In the summer of 2008, crude oil hit $134 a barrel. Gasoline crossed $4 a gallon. CPI surged to 5.5% — the highest since the Gulf War. Commentators invoked the 1970s. And then the financial system collapsed, oil fell 70%, and within twelve months the country experienced something it hadn't seen in half a century: deflation.
Episode 8 is unlike any other in this series. In every previous episode — 1946, 1951, 1973, 1979, 1990 — the inflation was the main story. Prices rose, policymakers responded, and the outcome depended on whether expectations spiraled or remained anchored. But in 2007-08, the inflation was the opening act. The main event was the worst financial crisis since 1929, and the inflation that had seemed so threatening in July 2008 was obliterated by a collapse in demand so severe that prices actually fell.
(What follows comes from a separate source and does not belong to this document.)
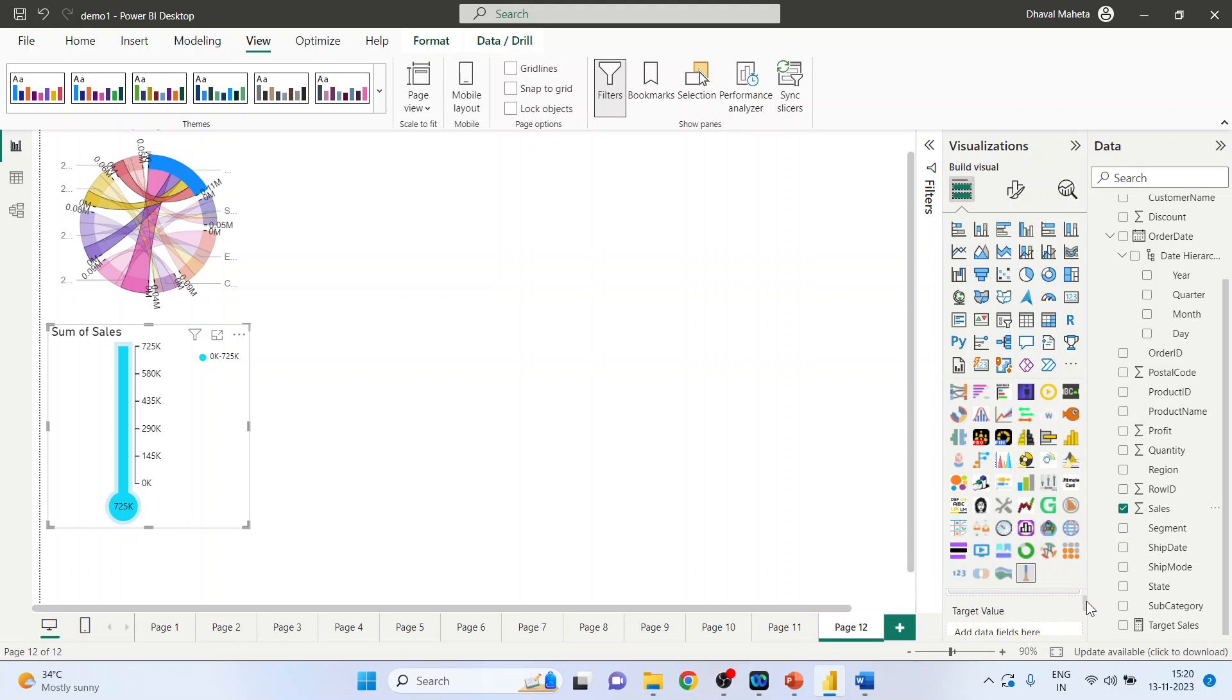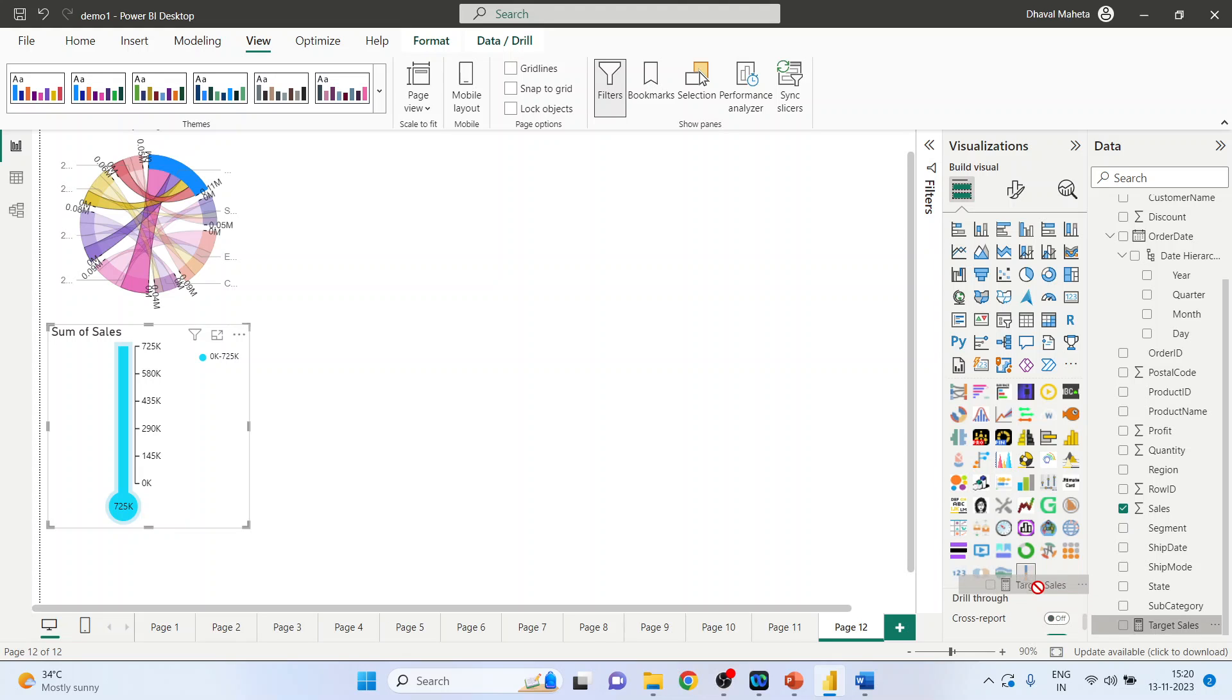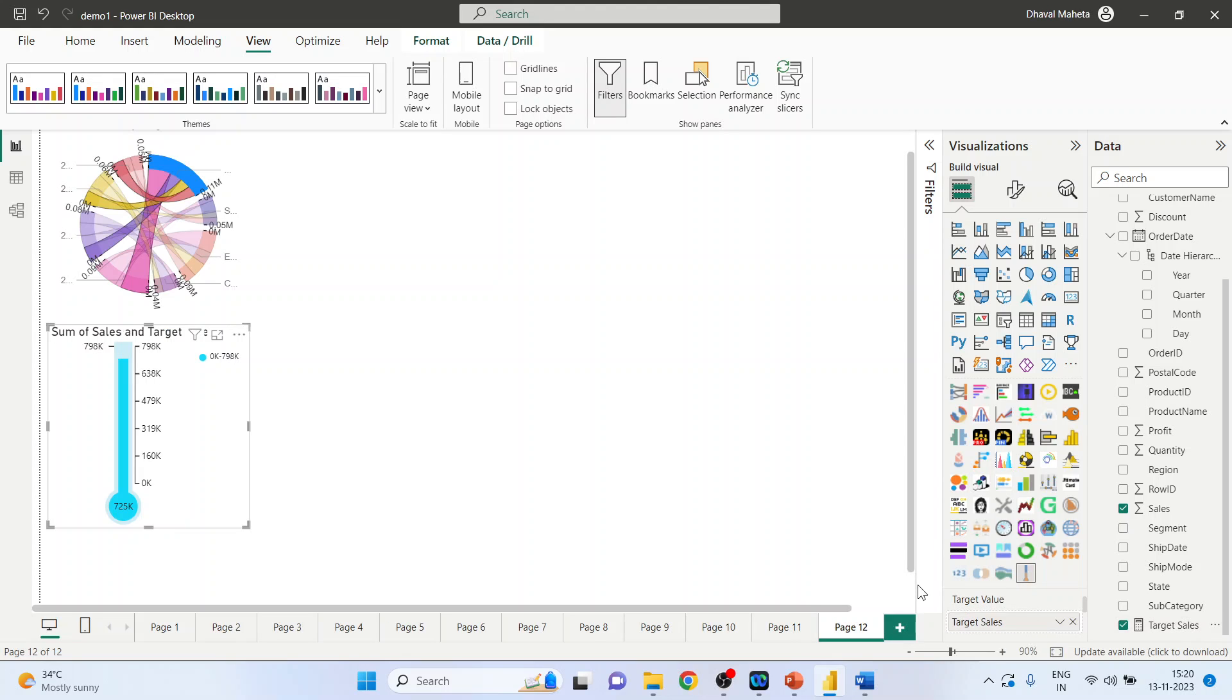The target sales, the target value is the target sales, drop it here, done.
This episode matters for what it teaches about the relationship between commodity prices and underlying inflation. The 2007-08 oil surge was the most dramatic in history — larger than 1973, larger than 1979, sustained over a longer period. Yet it produced only a modest CPI spike that reversed entirely within months. The reason is the same one that explained Episode 7: anchored expectations. But the mechanism of reversal was new. In 1990, a quick war ended the supply disruption. In 2008, a financial crisis destroyed the demand.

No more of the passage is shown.